Escribiendo desde Cuba
Ayer me ha llamado un amigo. Estaba nervioso. Alrededor de su casa la policía hacía una intensa “limpieza”. Razones tenía para tanta alteración, pues este jubilado sin pensión vive de una antena parabólica ilegal con la que suministra servicio televisivo a varias familias. Así que cuando las fuerzas del orden se ponen muy estrictas, mi amigo tiene que cortar cables, esconder el plato y dejar de ganar las cuotas que le abonan por esos días. Un verdadero desastre económico para él. Siempre que oye sobre la celebración de una cumbre internacional, un encuentro con invitados extranjeros o alguna visita de dignatarios de otro país, comienza a temer por su negocio. Sabe que a cada uno de esos eventos le corresponde una razia policial hecha con celo e intransigencia.

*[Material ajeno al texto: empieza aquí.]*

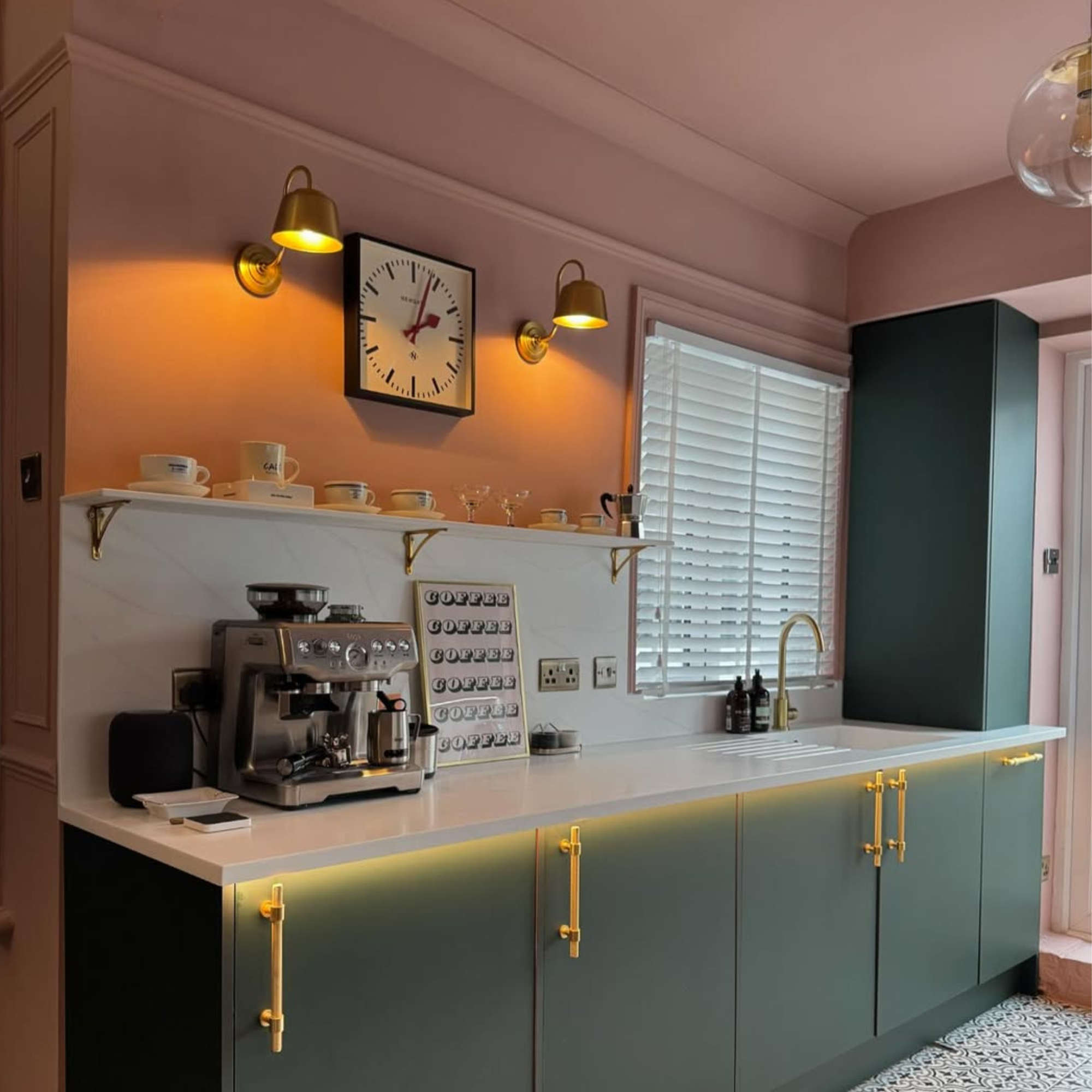 a pink painted kitchen with green cabinets and tiled flooring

Cuando Benedicto XVI visitó la Isla, centenares de mendigos, prostitutas y disidentes fueron “sacados de circulación”. La empresa telefónica Cubacel también hizo su parte cortando el servicio a medio millar de usuarios en todo el país. Ahora se nos viene encima la segunda Cumbre de la Comunidad de Estados Latinoamericanos y Caribeños (CELAC) que sesionará a finales de enero en La Habana. Ya se aprecian camiones repletos de macetas, con plantas que apenas las regarán durante dos semanas y que se ubicarán en las principales avenidas. En algunas calles céntricas lo andamios se levantan con pintores de brocha gorda que colorean las paredes agrietadas y ennegrecidas. También retocan las señales del tránsito en la ruta por donde pasarán los invitados y hasta las viejas vallas desconchadas son sustituidas por otras.
Se le ha advertido a esa Habana clandestina y oficialmente “impresentable” que debe estarse quieta, muy quieta. Los pordioseros están siendo recluidos hasta que pase la Cumbre, los proxenetas avisados de que mantengan controlados a sus chicas y chicos, mientras miembros de la policía política visitan las casas de los opositores. El mercado ilegal está también en jaque. “Tranquilos, tranquilitos”, repiten los policías en tono amenazante, sin dejar nunca por escrito su notificación. Así que mi amigo ha empezado esta mañana a desconectar sus equipos y me ha vuelto a llamar para asegurarme que los días 28 y 29 de enero no piensa poner ni un pie en la calle. “¡Qué va! Yo no tengo ningunas ganas de dormir en un calabozo” me dijo, antes de colgar el teléfono y guardar a buen recaudo la antena.